The Z7-III that doesn't exist? people just don't up and move cameras every generation. that's a foolish assumption .. oh, and was mentioned already in the article
I need glasses. I meant to write Z7-II (the Z7-III isn't on the other website and isn't what I looked at there.)
A7R IV is only a 4K60p 10 fps camera and really primarily a landscape camera and can only shoot 6fps uncompressed raw. but do go on how how somehow these are similar cameras.
I mentioned A7RV, not A7RIV (your typo?). Either way, I don't care that it only does 4K60p. Your story is about the photonstophotos website & it judges results for photographs, not videos. But I suppose you're trying to do a "well the R5-II also does...", to which I'll say what I've said before: 8K is a dead format for consumers. DOA. Worse than 3D for 1080p. I want to take photos, hence I take note of photonstophotos and 10fps is more than enough. If I cared about video, I'd look elsewhere. Is 10fps enough? Well that's the same as the 1D Mark III, which was aimed at sports photographers who were able to get the shot. I think if I was a sports photographer with the R5-II, I'd just stop taking photos and use 8k video and grab stills from that.
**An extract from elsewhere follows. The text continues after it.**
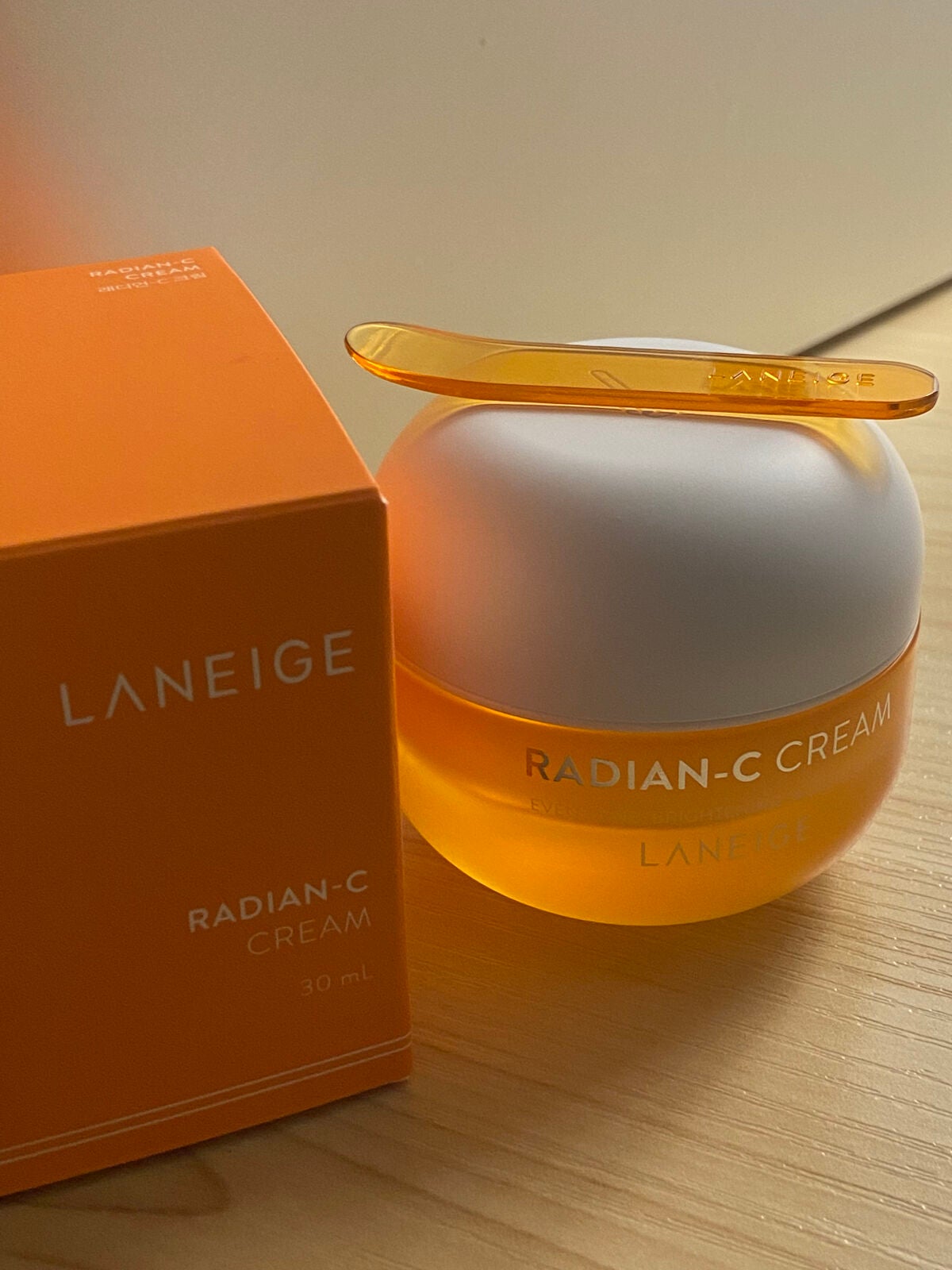 ラディアンーCクリーム/LANEIGE/フェイスクリームを使ったクチコミ(1枚目)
Next thing you know there will be ads for the R5-II on cable shopping channels because the R5-II does everything you want and even more., order now and to get your free set of steak knives!
"I know some of you are going to jump all over me in the forums over the lack of conversation around noise reduction in the camera pipeline. This is my thoughts: It's the camera that delivers the image, not necessarily just the image sensor. If you are not losing resolution or fidelity to the noise reduction, in my mind, it's no harm no foul. If your resolution is noticeably poorer because you have used a poor-quality algorithm, then that is important. However, those days are over as well."
I take your point and it is a valid argument to make. I think it is important to keep it mind because when using the chart, you're not necessarily comparing apples with apples with respect to DR that's in the files. Apples to unside down pears maybe.
You are welcome to write your own articles.
Thanks for the offer, I seem to be having enough trouble reading, might need to fix that before I start writing.